Practical Implications
- •Real-world Applications: The methods developed in this paper are directly applicable to a wide range of economic analyses involving comparisons of welfare indices across different groups or time periods, particularly when dealing with survey data that exhibits overlapping samples.
- •Beneficiaries: Researchers and practitioners in economics, public policy, and social sciences who work with survey data or other forms of dependent samples will benefit from the methods developed in this paper.
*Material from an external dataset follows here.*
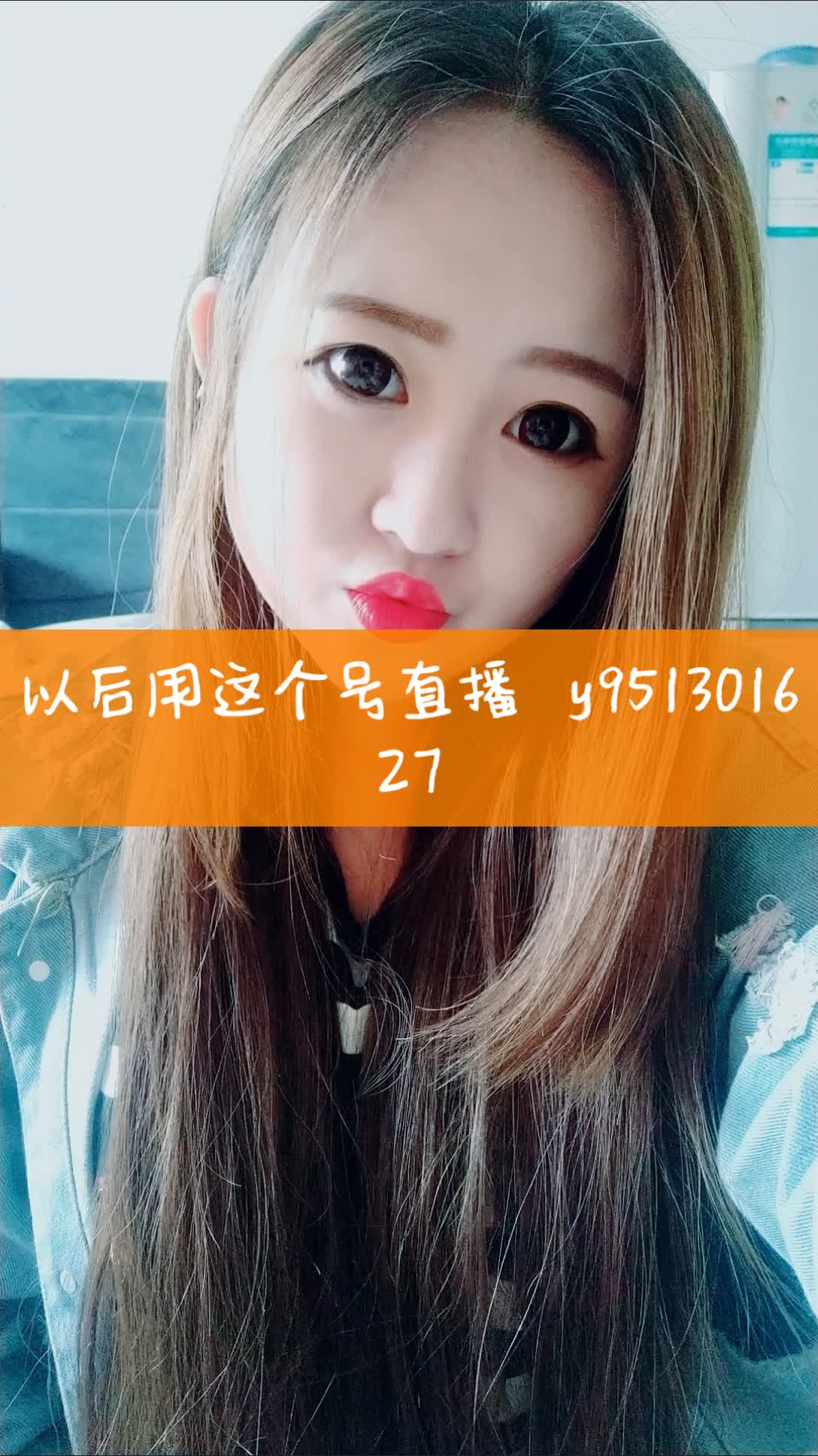 73果果97【蓝海团队】的主页-快手直播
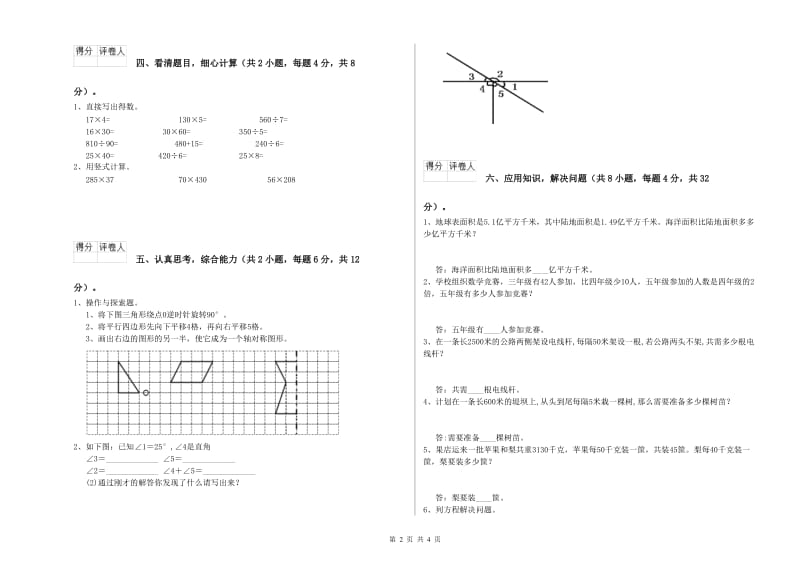 贵州省重点小学四年级数学下学期自我检测试卷 附解析.doc_第2页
- •Practical Use: Practitioners can use the proposed asymptotic and bootstrap methods, along with the consistent variance estimator, to construct more reliable confidence intervals for differences in welfare indices when dealing with dependent samples. The choice between IM and OS methods depends on the knowledge about the dependence structure.
- •Future Research: The paper opens up avenues for future research, such as extending the methods to more complex survey designs (e.g., clustered data), investigating alternative bootstrap procedures, and exploring the application of these methods to other fields where dependent samples are prevalent.